LIX15 is an Indian equity market index that consists of 15 highly liquid stocks traded on National stock exchange. Factor analysis is performed on the returns of these 15 stocks to identify any hidden trends. The observations matrix consists of normalized daily returns of these 15 stocks sampled from February to November 2013. A two factor model is chosen to decompose the data. The factor loadings are determined using maximum likelihood estimation method. It is seen that these factors accounts for about 60 % of the total variance. Now VARIMAX rotation is performed to group stocks based on their loadings.
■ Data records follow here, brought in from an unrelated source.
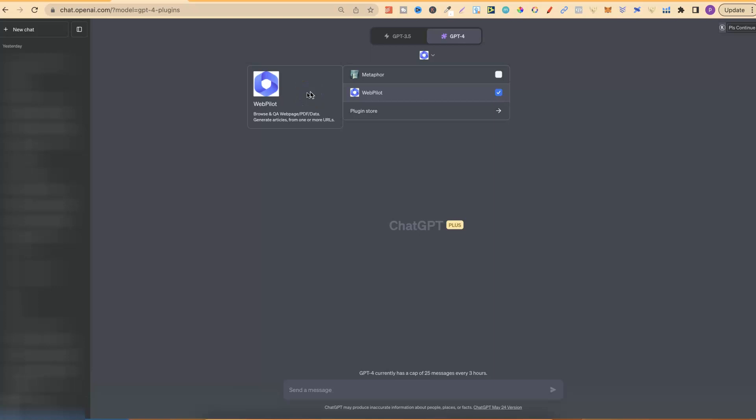So what we're going to be doing is using this ChatGPT plugin. Now, unless you have the paid version of ChatGPT, then you're not able to use the plugins which they've recently released.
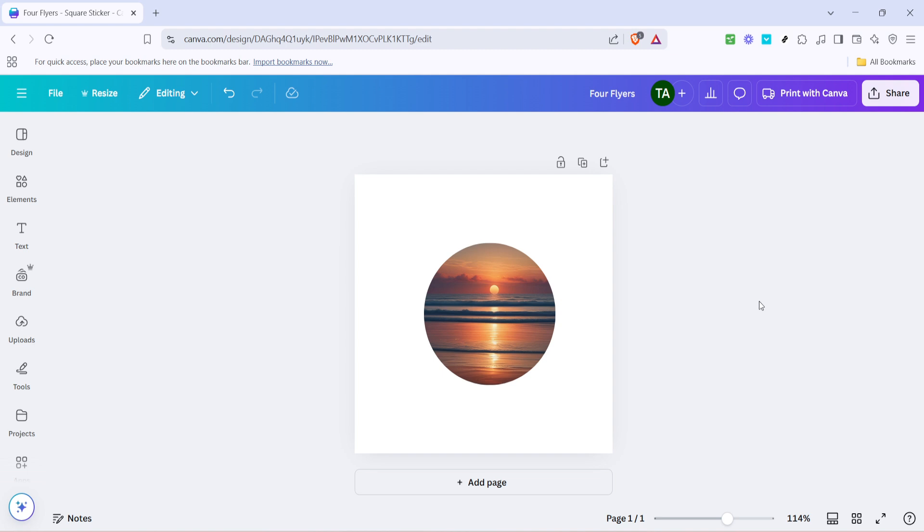And there you have it: a beautifully cropped circular image ready to enhance your design project. Whether you're preparing a logo, social media post, or a presentation, this technique is sure to add a polished touch. Remember, practice makes perfect. So go ahead and try this with different images and frame sizes to truly master the art of framing in Canva.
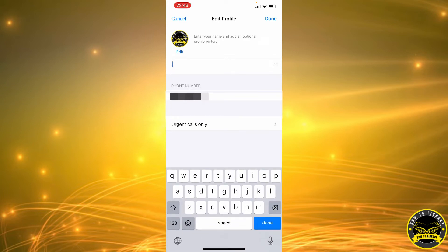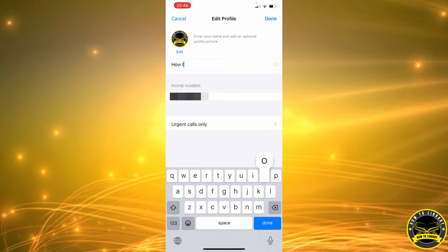As you can see, you can type your name up to 25 characters, not more. So let's go and set it to How to Library.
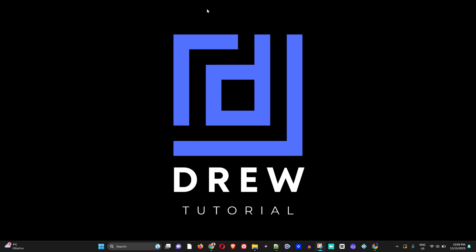Hey guys, welcome back to Drew Tutorial, and if you're new, a special welcome to you. In today's video, I'm going to show you how to change the background in your Brave browser.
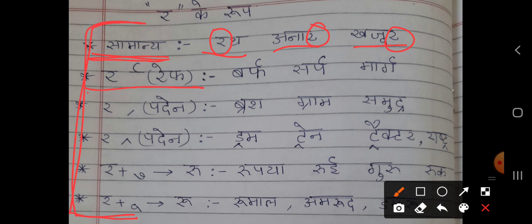The second is Rave (Reph). The form of Reph is a little curve on the word. If the letters come before Ra in a word, the Reph is written above — like 'Burf' (बर्फ). Burf has Reph above the letter.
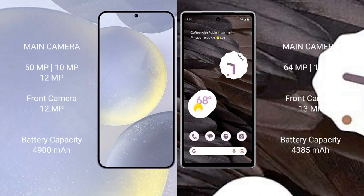Samsung Galaxy S24 Plus features a triple camera setup: 50MP plus 10MP plus 12MP, with a 12MP front camera. Google Pixel 7a features a dual camera setup: 64MP plus 13MP, with a 13MP front camera.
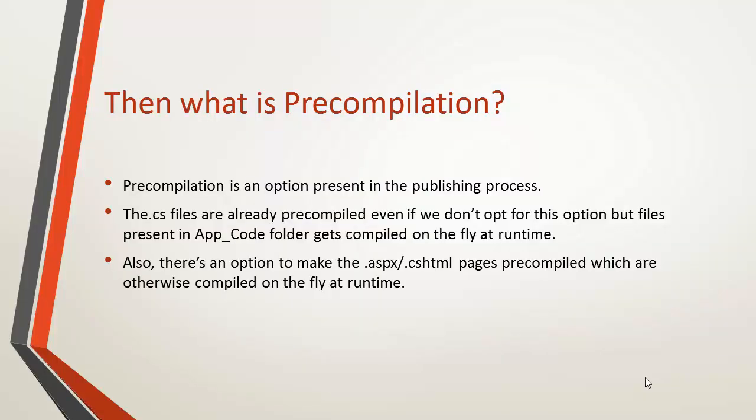What is pre-compilation then? It is an option present in the publishing process, which I skipped at the time I was showing you the publishing process. Now what happens is the CS files are already compiled into the DLL, but there are certain files which are still not compiled and will be compiled at the runtime. Like if we had some files in app underscore code folder of our application, in that case, those files would have been compiled at the runtime.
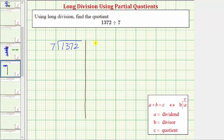We'll record the partial quotients here on the right. Before we begin, it's often helpful to write some known products involving the divisor, or in this case products involving seven. And because we're trying to determine how many sevens there are in 1,372, we do want to find some large products.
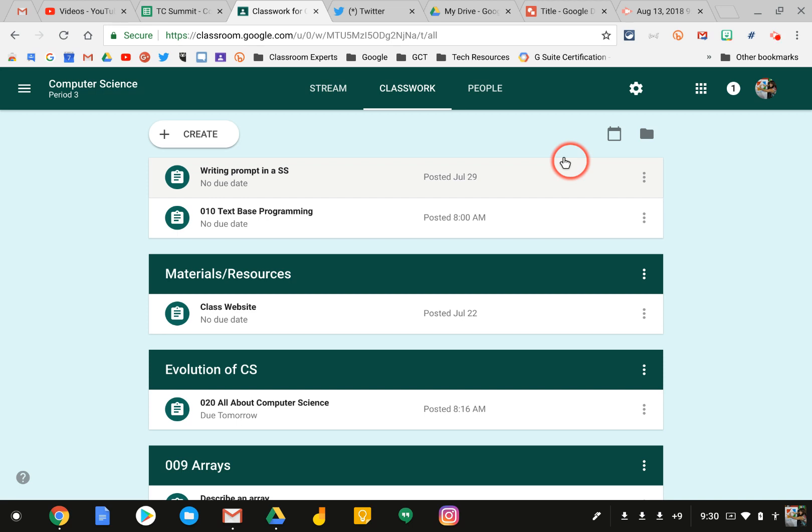Hello, my name is Kim Matina. This screencast will show you how to create an assignment and post it to multiple classes in Google Classroom.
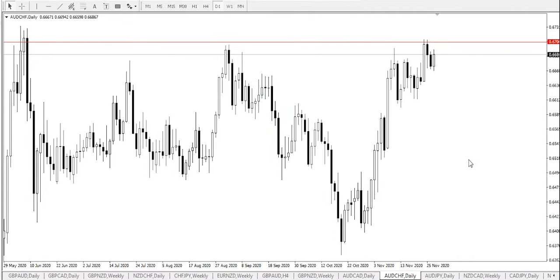Hello everyone, my name is Osef, technical analyst of SuperForex. Today we shall be looking at the Australian dollar Swiss franc on the daily timeframe.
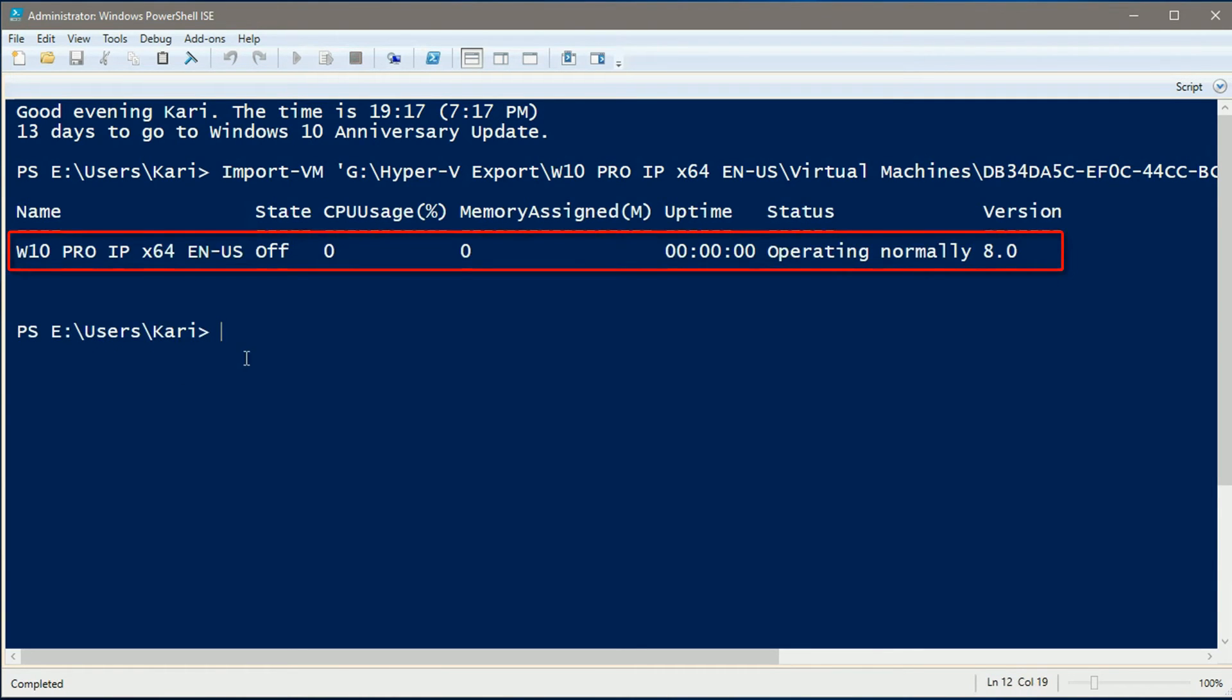That's it! The virtual machine has been restored and added to your Hyper-V manager.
The aim of this rotation is to achieve simple structures which will possibly have a fundamental reasoning behind them. The following is the table of top 6 stocks with highest loading on each factor:

Factor I	Factor II
AXISBANK	TATASTEEL
YESBANK	HINDALCO
SBIN	JSWSTEEL
IDFC	JPASSOCIAT
BANKBARODA	RCOM
MARUTI	JINDALSTEL

Looking at the above stock list we can say that these factors approximately represent different sectorial themes. The first factor is populated with financial services stocks. The second factor has a large number of metal stocks.

	Fundamental theme
Factor 1	Financial services stocks
Factor 2	Metal stocks

There are some stocks in each factor that do not concur with the corresponding fundamental interpretation. This would primarily be sample bias. Another reason could be that these fundamental factors indirectly affect the returns of the corresponding stocks. Also there are some stocks which do not have significant loading on any of the factors. MCDOWELL-N, TATAMOTORS and CAIRN are some of these stocks. These stocks do not fall in either of the sector and hence have remained unclassified.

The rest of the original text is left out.